AWSOME!!!!!!!!  Theres a bowfihing forum. I have got to learn about carp spawning. If you guys know anything please reply.

As always thanx for any help.


----------



## Duckslayer100

Where you located? It depends mostly on the temperature of the water. Once the water hits about 60 degrees, the carp will start rolling. Look for them in shallow water especially around weedy areas. Back home the carp will roll and all hell breaks loose in the real thick milfoil. I foud its best to get in the middle of them and just wait. It takes a bit of patience, but sooner or later they'll get so wrapped up in makin babies they'll roll right into you. Generally there will be one fat sow with a half dozen or so smaller males around her. Its very easy to double and triple on these shots if they get close. Spawn can be some of the most exciting and frustrating shoots you will have. It is tempting to go to where you see them rolling, but stay put, They move around so much its almost impossible to catch up to them. Besides, its the best way to put a dent in the population (though bowfishing alone hardly does this at all) In any case, its hella fun! Good shooting! :sniper:


----------



## 3006SHOOTER

Wow!  Cant wait for that to happen here.


----------



## R Buker

I've been keeping my eye on the carp in a couple of different lakes here. It's looking good. If the weather holds on Tuesday, I'll be out sticking a few carp! Can't wait...


----------



## Duckslayer100

It has been one of the warmest springs on record so far. I was up north of Ardoch at the spillway and saw a ton of carp, but the water was moving so fast it was hard to see them. I'm thinking if they're already moving in the rivers its only a matter of time -- and a few more 70 degree days -- before they start doing the aquatic horizontal tango :lol:


----------



## bryan86

hey guys i just started shooting carp with my bow i got a 15 pounder today and my buddy told me i was going to miss the first shoot the first one ever hit the head but we dont reel them in we drop the bow and catch them ant tips when carp stop spawnning


----------



## the professor

bryan86 said:


> hey guys i just started shooting carp with my bow i got a 15 pounder today and my buddy told me i was going to miss the first shoot the first one ever hit the head but we dont reel them in we drop the bow and catch them ant tips when carp stop spawnning


1st tip: spelling and punctuation help us better read your post. 
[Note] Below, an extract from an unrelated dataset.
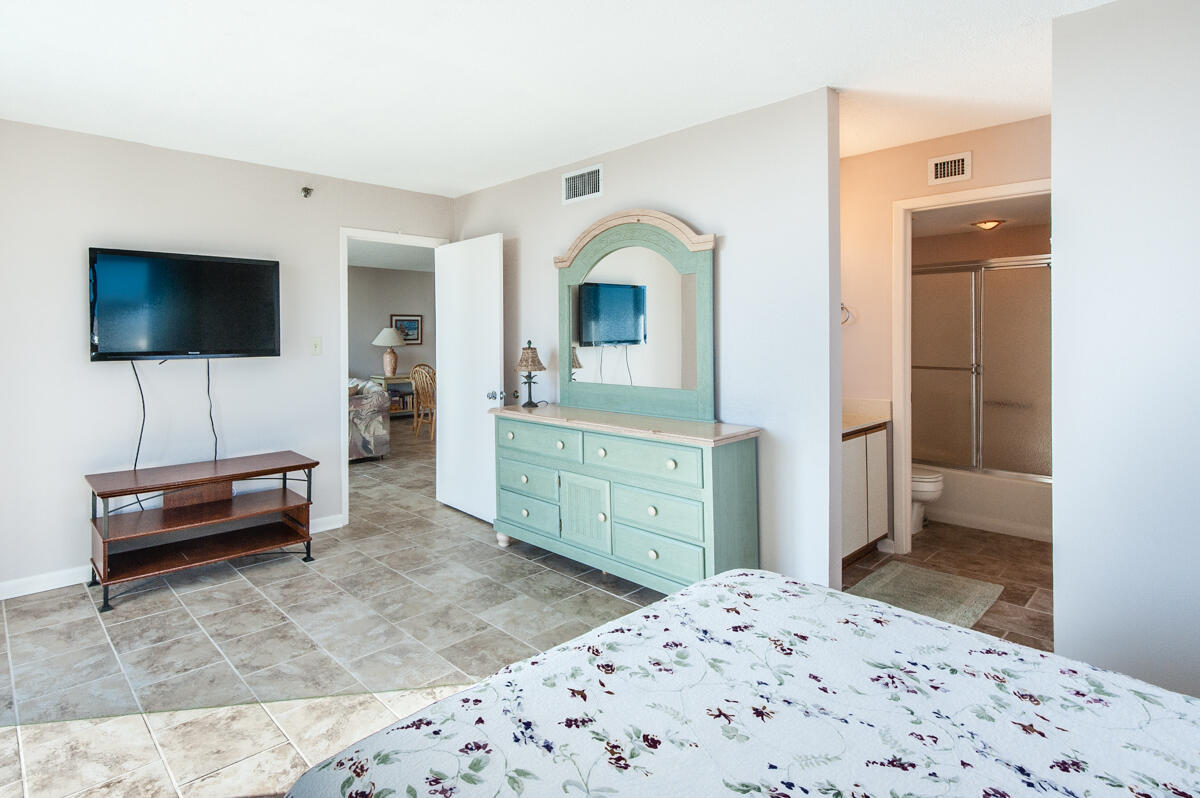 TRISTAN TOWERS - Residential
while it does get tougher to find big numbers of fish post spawn, theres still great shooting to be had. if your state allows it, night shooting can be an absolute blast this time of year.


----------



## Jmnhunter

his spelling is not that bad


> The
> phaonmneal pweor of the hmuan mnid Aoccdrnig to rscheearch at
> Cmabrigde Uinervtisy, it deosn't mttaer in waht oredr the
> ltteers in a wrod are, the olny iprmoatnt tihng is taht the
> first and last ltteer be in the rghit pclae.


 :lol:

They have spawned out around here on the lakes north of Bismarck about 2 weeks, have not been to the river lately for bowfishing as there were alot of dinks. But when we were there last weekend, if we found 1 there was usually alot more near it.. :beer:


----------